# I am tired and done with marriage!! Help!!



## tiredanddone

Hi all,
Obviously I'm new and need advice. I am tired and I am done. I want a divorce. I need help with HOW to tell my H I want a divorce. This news won't surprise him, but will make him very upset. I'm afraid he may become unstable and not sure how he will react. I also need advice on how to make the process the least financially draining and amicable. I do not want to cause either of us financial distress, nor am I looking to "rape" him of money or possessions. I just want this to be fair and amicable. 

We have been married 20 years and have 3 children ages 17, 15 and 10. I have considered how this will affect them. I think we are putting them through more emotional harm if we remain married. 

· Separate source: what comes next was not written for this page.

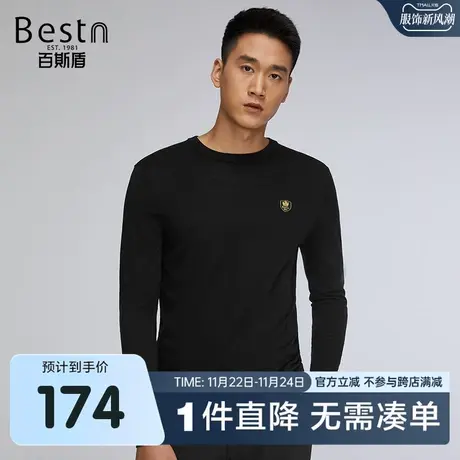 百斯盾 男装长袖针织衫毛衣 2023年秋冬款含羊毛纯色简约针织衫男商品大图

I fell out of love with this man years ago. Marriage was not what I thought it would be, nor has he turned out to be the person I need. We have been through some very tough situations in our marriage; multiple dealths and he has gone through job losses several times. When the deaths of family members occurred, he "checked out" and left me dealing with everything. When he went through job losses, again I was left to handle the financial issues and decisions to handle our situation. I am so tired of being married to this man. He is like another child to me. When he is gone for the night for work, I feel so relaxed and relieved. When he is around I feel tense and anxious. I CAN'T live this way anymore. Yes, I have reached the point where I am done. I know all too well that life is too short to endure unhappiness.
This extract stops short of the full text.